◆ **Dataset extract**
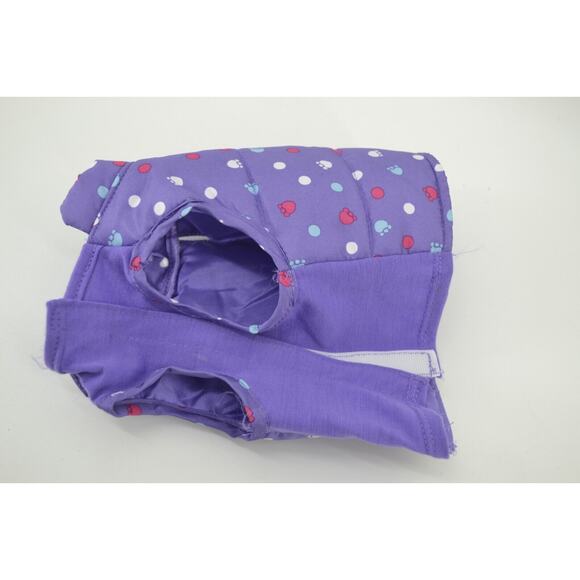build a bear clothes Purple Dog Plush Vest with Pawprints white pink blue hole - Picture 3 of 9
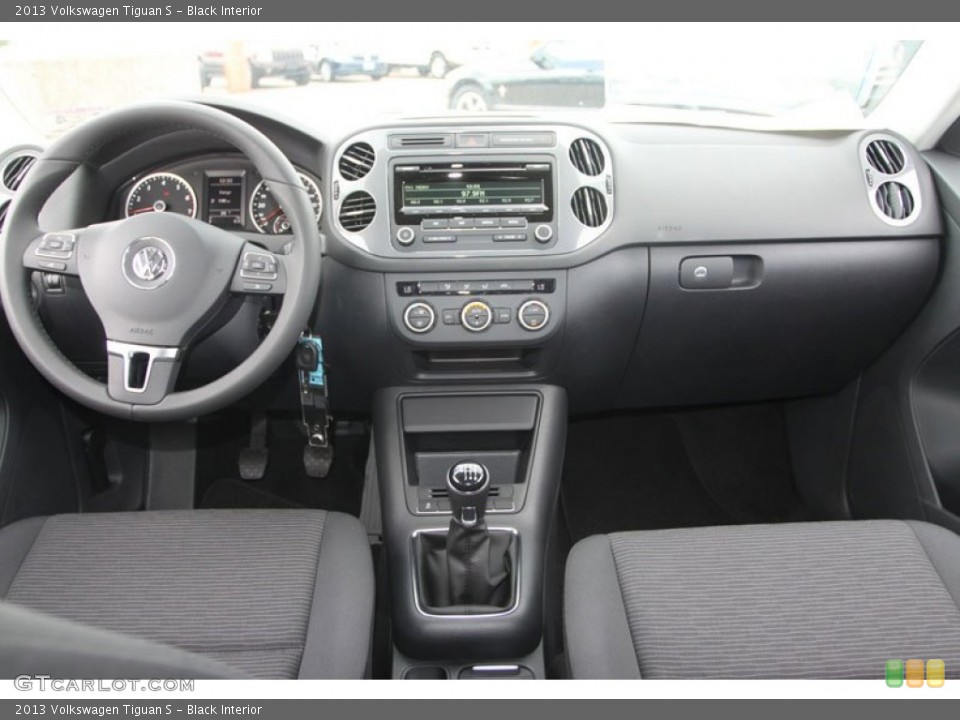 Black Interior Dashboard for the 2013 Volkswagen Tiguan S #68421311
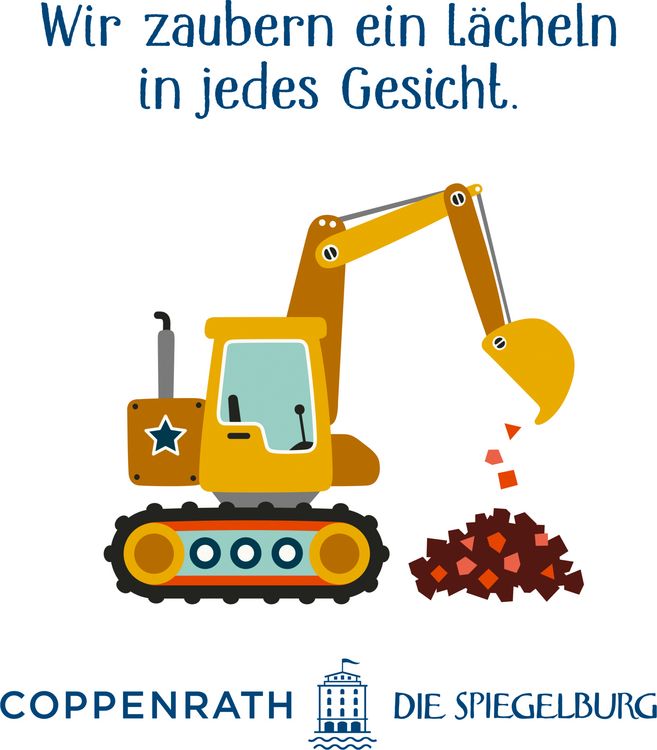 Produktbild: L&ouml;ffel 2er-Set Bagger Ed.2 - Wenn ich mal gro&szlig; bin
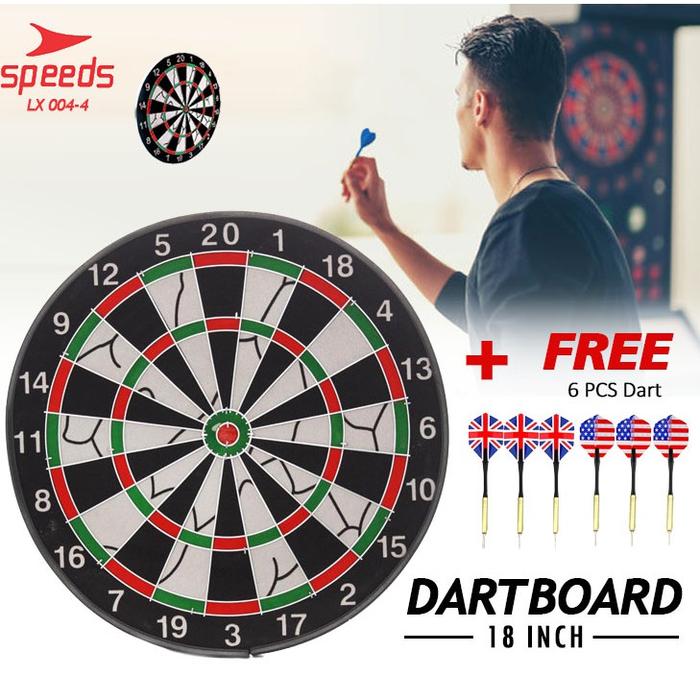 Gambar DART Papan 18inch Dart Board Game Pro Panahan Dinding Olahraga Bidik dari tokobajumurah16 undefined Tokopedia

◆ **What is required**
The answer must be the full listing retyped exactly, with no pictures in it.

◆ **Solution to the problem**
build a bear clothes Purple Dog Plush Vest with Pawprints white pink blue hole - Picture 3 of 9
 Black Interior Dashboard for the 2013 Volkswagen Tiguan S #68421311
 Produktbild: L&ouml;ffel 2er-Set Bagger Ed.2 - Wenn ich mal gro&szlig; bin
 Gambar DART Papan 18inch Dart Board Game Pro Panahan Dinding Olahraga Bidik dari tokobajumurah16 undefined Tokopedia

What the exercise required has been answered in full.